*REQUIRED ACTION:*
Your reply should contain the whole listing below, repeated exactly, and no images.

*DATA SEGMENT:*

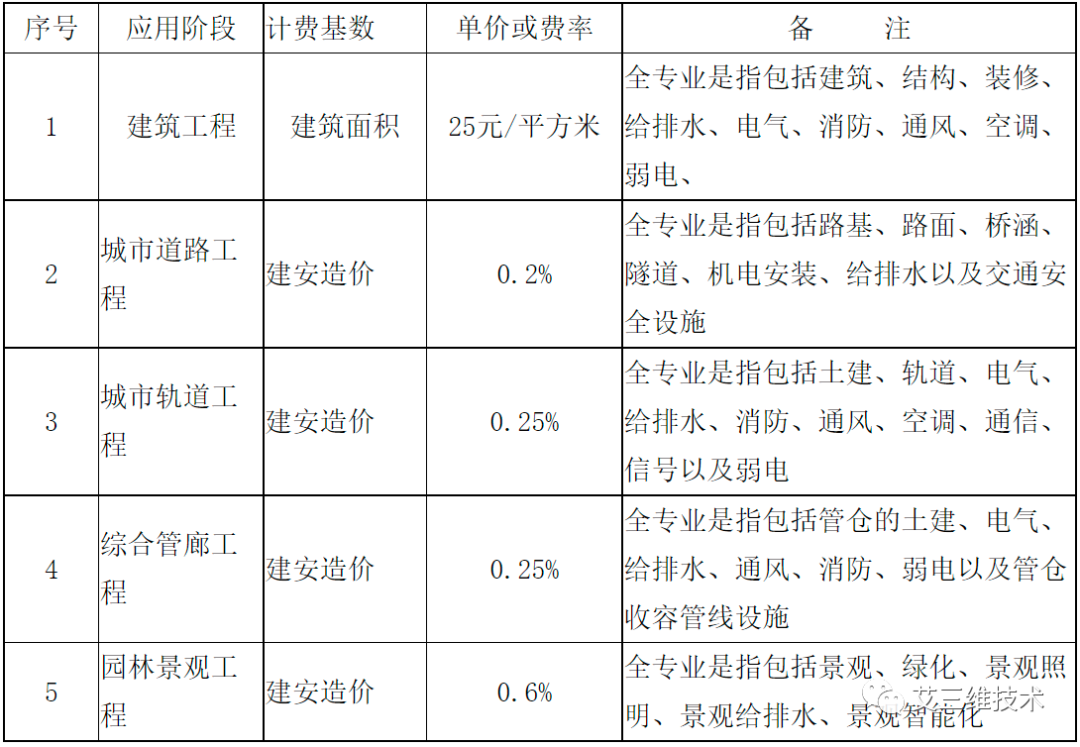 最全！14省市BIM技术收费标准汇总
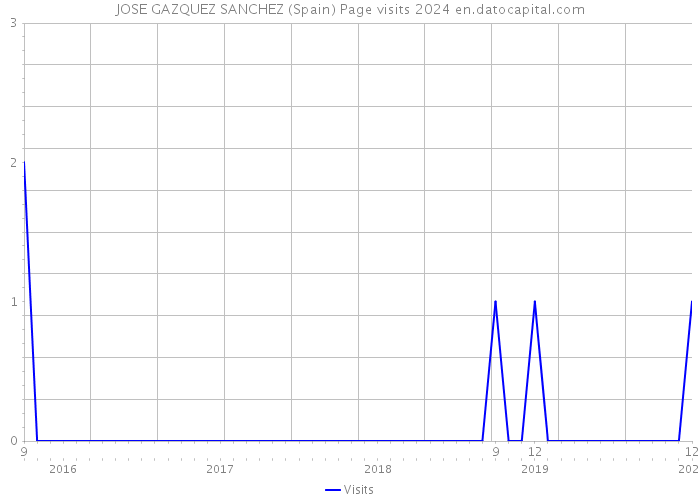JOSE GAZQUEZ SANCHEZ (Spain) Page visits 2024 
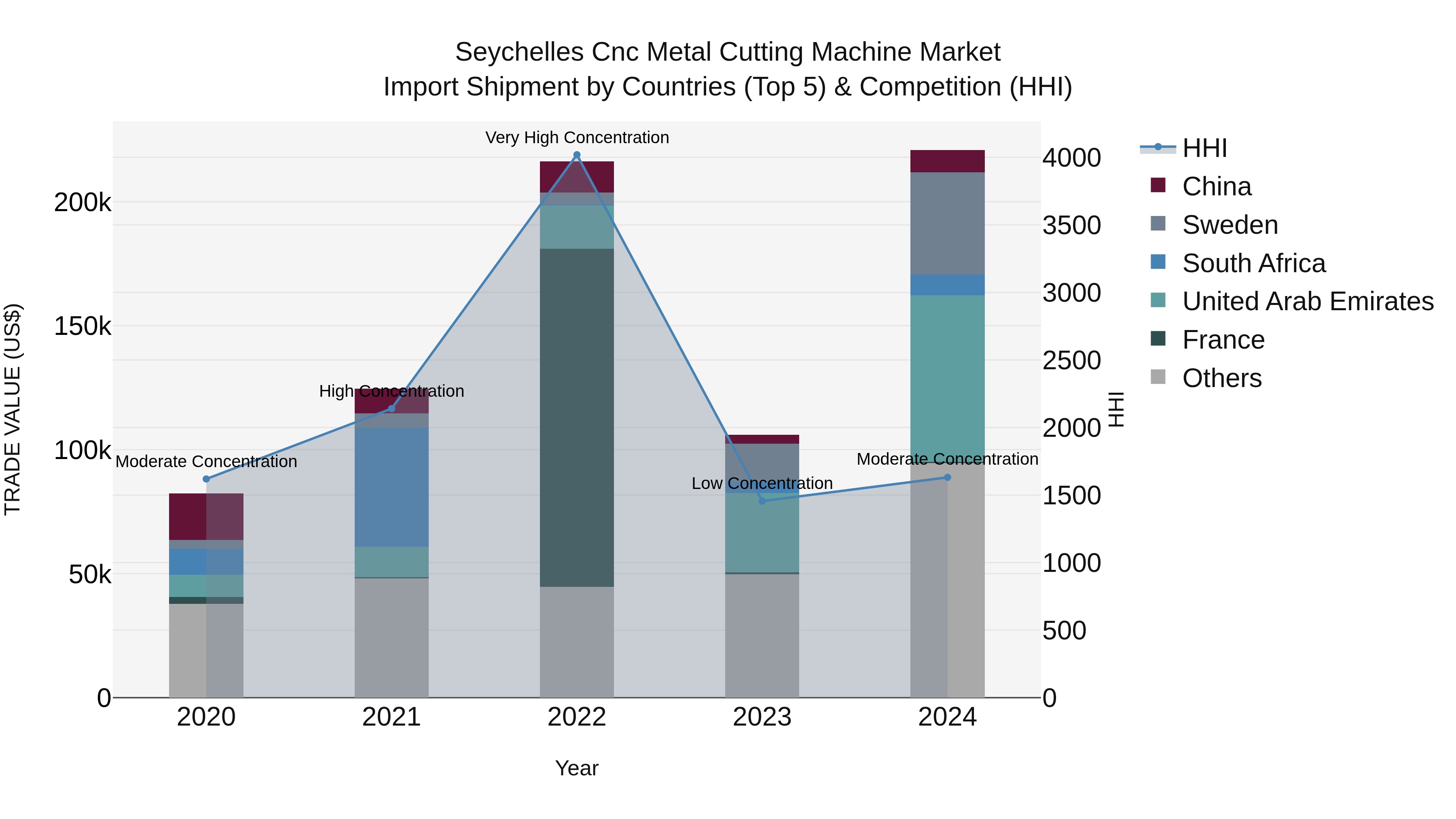 Seychelles Cnc Metal Cutting Machine Market: Top 5 Importing Countries and Market Competition (HHI) Analysis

*COMPLETED TASK:*
 最全！14省市BIM技术收费标准汇总
JOSE GAZQUEZ SANCHEZ (Spain) Page visits 2024 
 Seychelles Cnc Metal Cutting Machine Market: Top 5 Importing Countries and Market Competition (HHI) Analysis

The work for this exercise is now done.